The Jewish activists played an important role in the revolutionary movement, which originated in the Russian Empire at the turn of the XX century and eventually led to the Bolshevik Revolution of 1917 and the establishment of the USSR. Some opposers of the revolution even labeled it the ‘Jewish’ one, due to a substantial number of Jewish people (Leon Trotsky being the best known example) behind the turnover. This period of Russian history was indicated by a massive rise of various movements. Workers, communists, anarchists, zionists, independence fighters were all starting their fight. Many of these were indeed lead by Jewish people or actually were Jewish movements (like zionism or BUND , Jewish Workers’ Union). Some memories have survived the massive repressions of the 1930s, which have demolished what was left of the revolutionary spirit. Some were completely forgotten. Aron Baron was probably one of the most rebellious and   unchained leaders, causing unrest in any place he arrived to.
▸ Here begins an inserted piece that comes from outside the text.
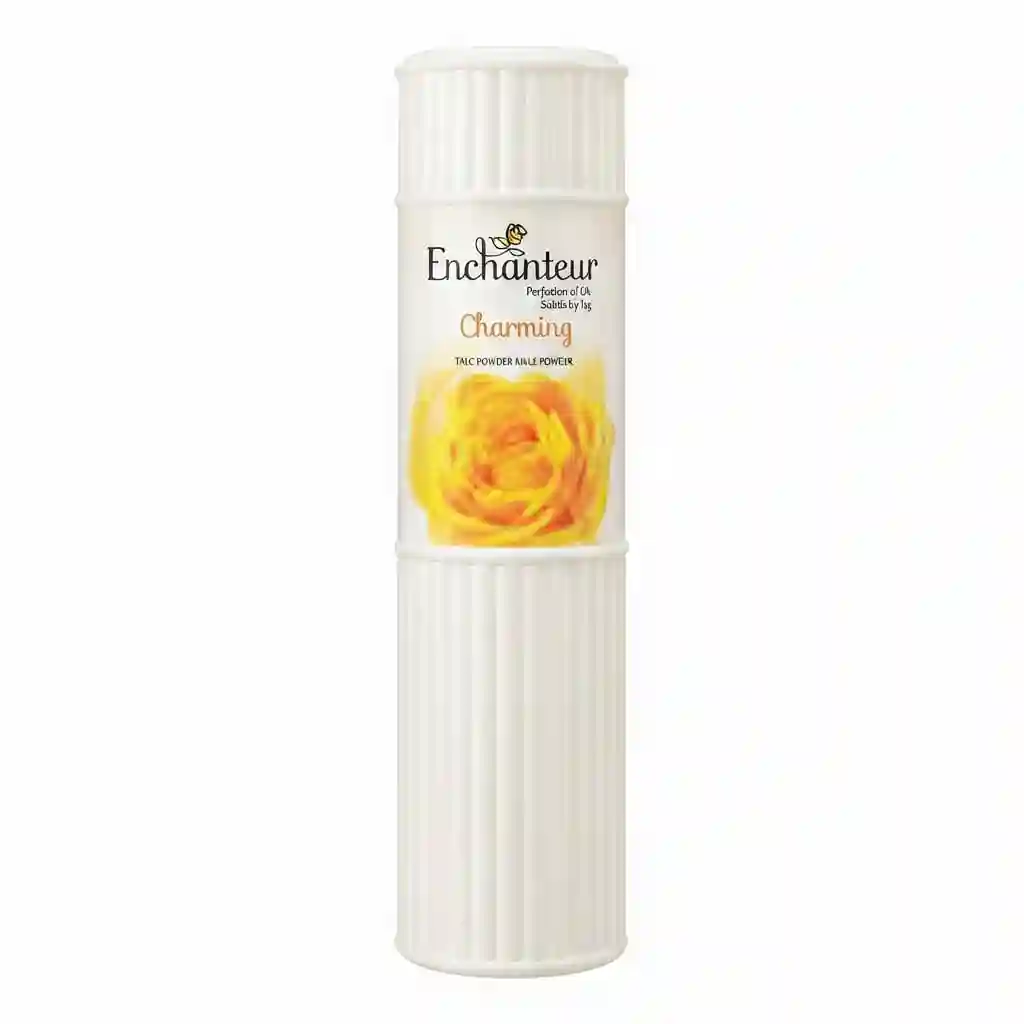 Enchanteur Perfumed Body Talc 225g Astd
But while many were fighting hard for the new government to take power, Baron’s life goal was to fight any form of government, power and order.

Aron Baron was a 15-year old Jewish baker boy from a small village in Kyiv region when he took part in a strike movement of Kyiv bakers union. It was in 1906. Baron’s journey has begun. He was arrested and sent to Siberia. He manages to flee to Chicago, where he joins the anarchists’ movement together with his wife Fanni. While in the USA, Baron becomes an active fighter for workers’ rights. He is a member of Industrial Workers of the World, an editor of ‘The Alarm’ and an active contributor to a number of other workers movement’s newspapers; collaborates with Jewish, American and Russian anarchists and labor unions, participates and leads countless demonstrations, gets beaten, arrested and set free again.

In 1917 Aron and Fanni return to Kyiv to become a part of the turbulent social and political life there. The baker’s union hasn’t forgotten Baron and nominated him as a deputy to Kyiv’s workers parliament.

At the same time, with the start of the Russian civil war just after the Bolshevik Revolution, Baron is assigned to form the first regiment of Ukrainian ‘red’ cossacks. In a week the army heads to the city of Poltava and captures it with Baron becoming the city’s governor. In the meanwhile, Baron solves the armed conflict between the anarchists and Soviets in Katerynoslav (modern-day Dnipropetrovsk). Though he doesn’t stay in the place for too long – German army enters Poltava and Aron together with other anarchists flees to Russian Rostov. In Rostov Baron proceeds with his mission – robbing banks, releasing prisoners and fighting the capitalists. Later Baron moves to Kursk, where he starts the local ‘The Alarm’ newspaper and creates and heads the Ukrainian Anarchist Confederation.

In 1918, together with the Soviet Army, Baron enters Kharkiv, Katerynoslav. Though apart of his army duties, Aron manages create Ukrainian Anarchist Confederation offices in the captured places. This doesn’t go in line with the Soviet’s strategy. After his lecture on ‘Anarchism and the Soviets’ in  Katerynoslav, Baron is arrested.

Released again, Baron moves to Odessa – naturally, to publish his ‘The Alarm’. It gets banned by the Soviets. In couple of months he flees to Moscow. In some more months Baron gets accused of the explosion in a governmental building and gets to jail again. Released in 1920 and being seriously sick, Baron returns to Kharkiv. Collaborating with the head of Ukrainian anarchists Nestor Makhno, Baron still find time for writing for several newspapers, giving speeches at Kharkiv factories and labor unions and planing the all-Ukrainian anarchist assembly. Another plan Baron discusses with Makhno is a possibility to establish an autonomous anarchist land in Crimea. All of these plans, efforts and actions did not come true.

After 1920, Baron experiences never-ending arrests, being moved from one camp to another, tries to commit suicide, undertakes hunger strikes, being released and arrested again and again. He was executed in 1937.

Baron certainly was one of these forgotten fighters, drunken by the revolution and the possibility to change the world. His struggle, however right or wrong it was, was purely ideological, and that’s why execution alone was able to stop his fight.